Records shown:
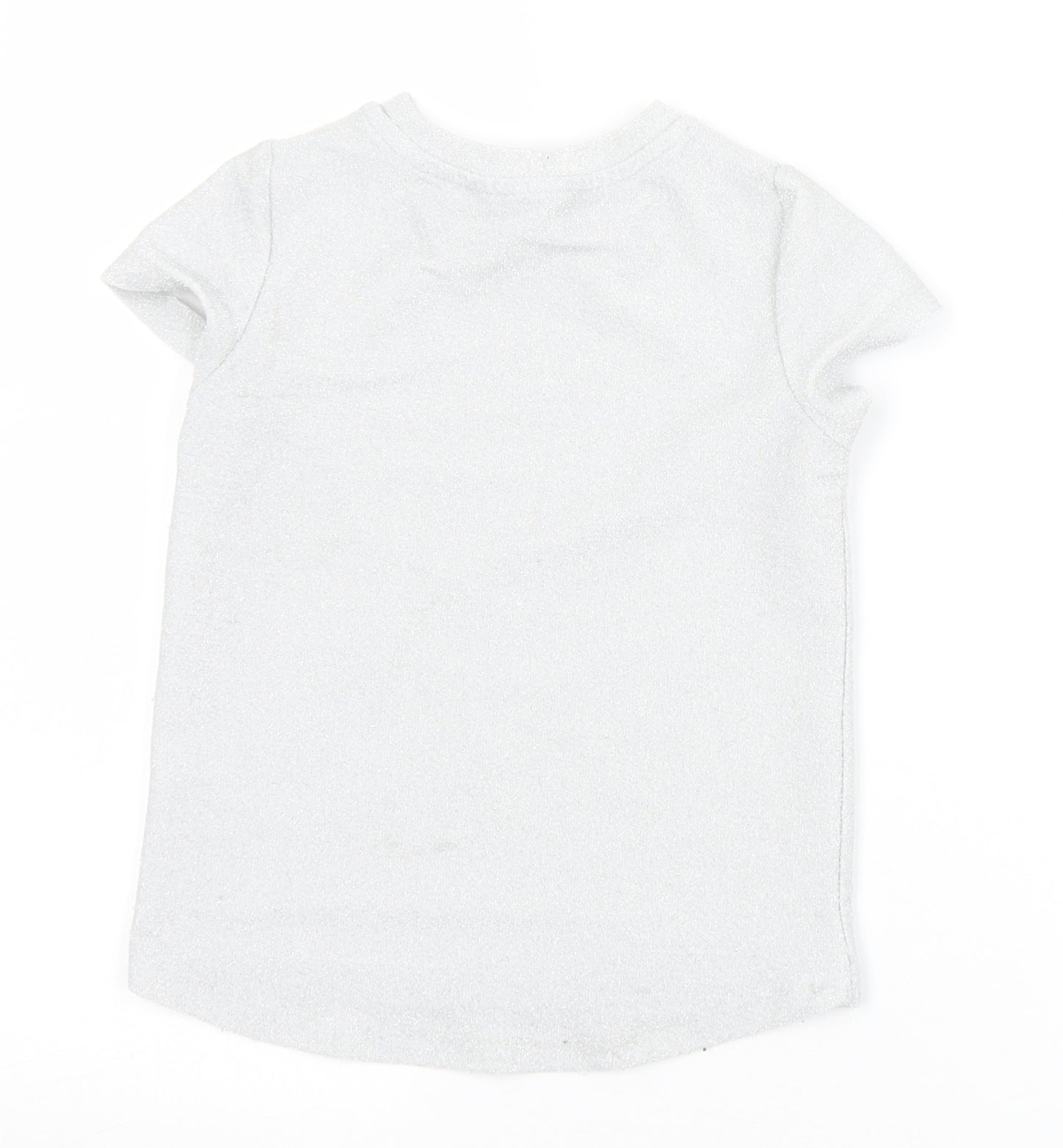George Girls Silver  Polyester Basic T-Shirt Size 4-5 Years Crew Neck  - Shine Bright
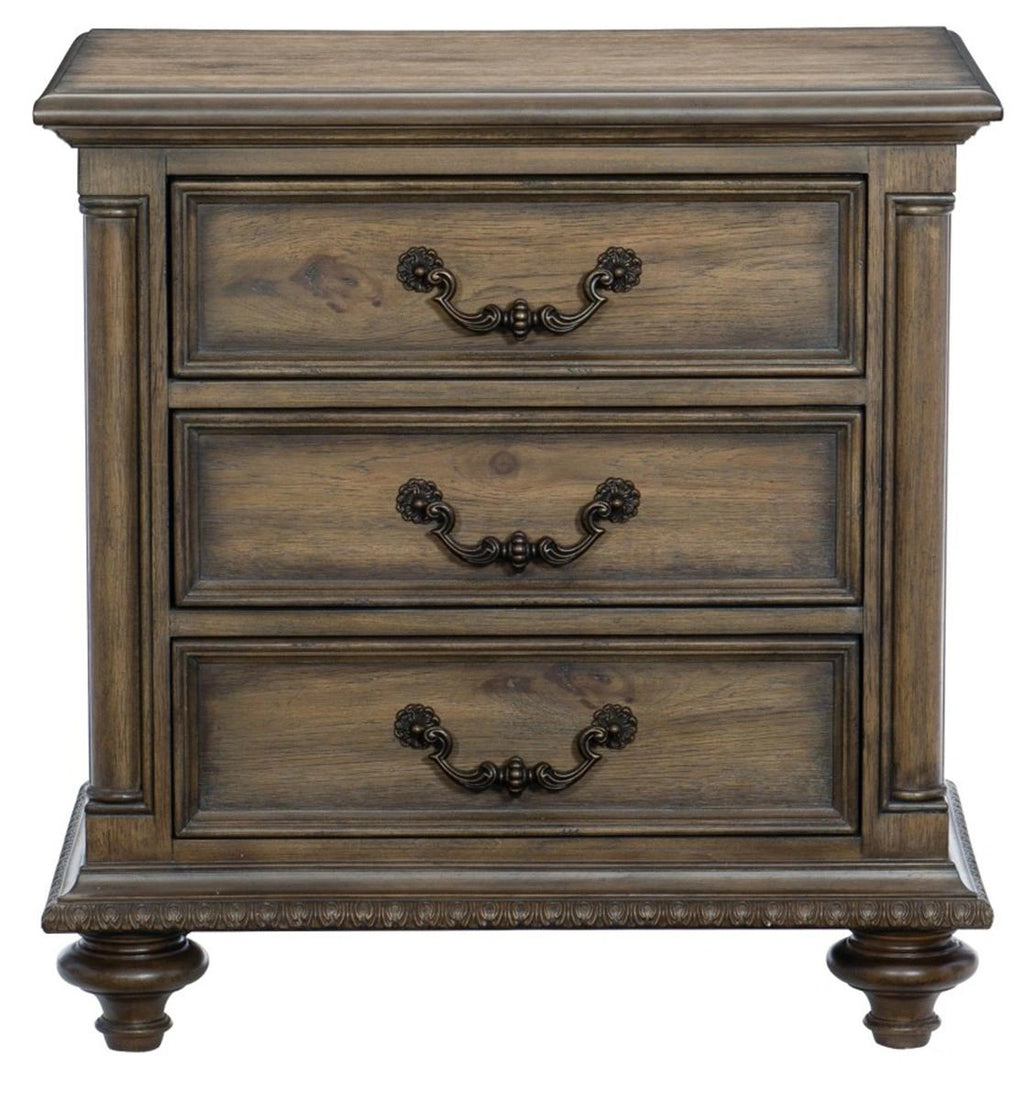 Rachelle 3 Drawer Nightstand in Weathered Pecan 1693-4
==
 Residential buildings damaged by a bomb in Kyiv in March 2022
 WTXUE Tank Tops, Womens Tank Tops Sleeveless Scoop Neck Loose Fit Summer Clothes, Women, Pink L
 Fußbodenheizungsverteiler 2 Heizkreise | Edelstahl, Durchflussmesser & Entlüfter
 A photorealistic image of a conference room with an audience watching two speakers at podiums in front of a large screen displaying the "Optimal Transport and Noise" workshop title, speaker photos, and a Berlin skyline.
--
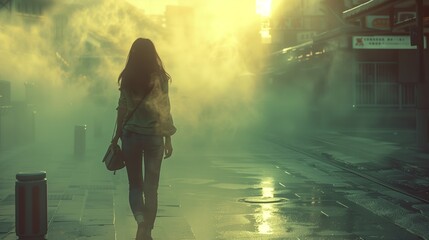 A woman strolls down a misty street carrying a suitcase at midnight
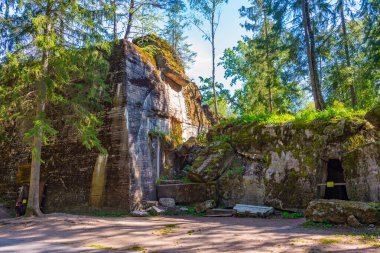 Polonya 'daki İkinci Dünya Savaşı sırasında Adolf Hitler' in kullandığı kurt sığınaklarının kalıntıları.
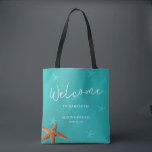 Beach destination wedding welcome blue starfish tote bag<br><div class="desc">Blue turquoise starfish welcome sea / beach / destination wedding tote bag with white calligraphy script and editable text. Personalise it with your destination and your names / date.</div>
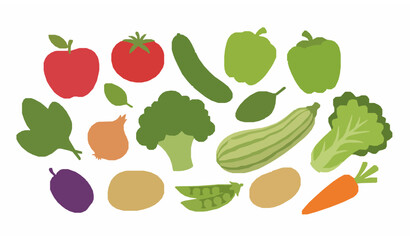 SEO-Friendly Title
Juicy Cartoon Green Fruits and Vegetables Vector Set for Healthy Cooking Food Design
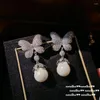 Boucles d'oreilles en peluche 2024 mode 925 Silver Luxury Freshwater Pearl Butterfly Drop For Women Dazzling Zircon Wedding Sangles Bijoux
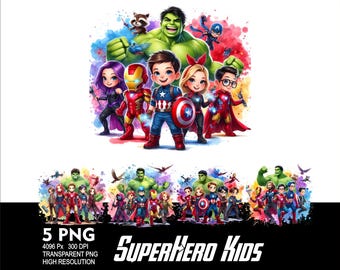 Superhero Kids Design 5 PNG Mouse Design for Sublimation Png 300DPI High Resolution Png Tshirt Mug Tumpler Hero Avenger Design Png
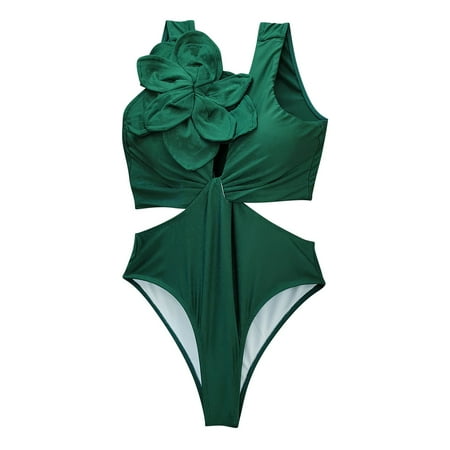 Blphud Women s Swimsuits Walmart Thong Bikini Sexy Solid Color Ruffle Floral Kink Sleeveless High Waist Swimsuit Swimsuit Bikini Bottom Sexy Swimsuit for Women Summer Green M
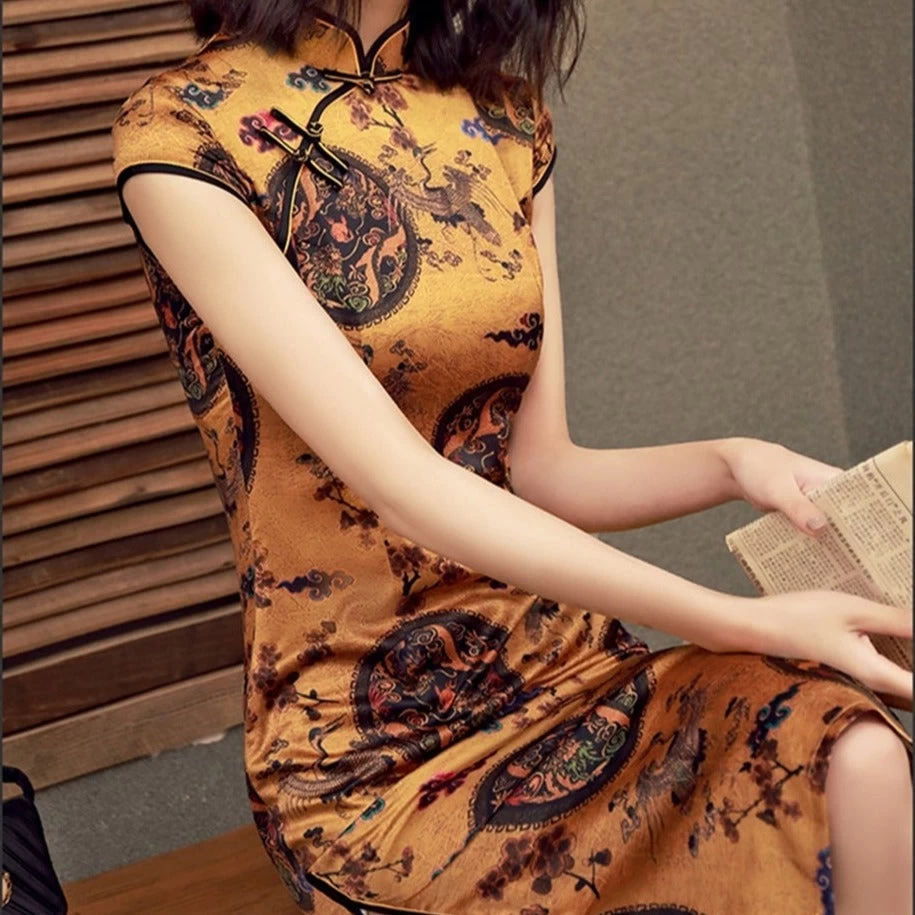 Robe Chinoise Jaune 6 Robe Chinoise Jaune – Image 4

What you have to do:
When you reach the line that has "Beach destination wedding" in the data above, start repeating lines exactly, and stop after the line that has "Robe Chinoise Jaune 6"; pictures stay out.

Exercise response:
 Beach destination wedding welcome blue starfish tote bag<br><div class="desc">Blue turquoise starfish welcome sea / beach / destination wedding tote bag with white calligraphy script and editable text. Personalise it with your destination and your names / date.</div>
 SEO-Friendly Title
Juicy Cartoon Green Fruits and Vegetables Vector Set for Healthy Cooking Food Design
 Boucles d'oreilles en peluche 2024 mode 925 Silver Luxury Freshwater Pearl Butterfly Drop For Women Dazzling Zircon Wedding Sangles Bijoux
 Superhero Kids Design 5 PNG Mouse Design for Sublimation Png 300DPI High Resolution Png Tshirt Mug Tumpler Hero Avenger Design Png
 Blphud Women s Swimsuits Walmart Thong Bikini Sexy Solid Color Ruffle Floral Kink Sleeveless High Waist Swimsuit Swimsuit Bikini Bottom Sexy Swimsuit for Women Summer Green M
 Robe Chinoise Jaune 6 Robe Chinoise Jaune – Image 4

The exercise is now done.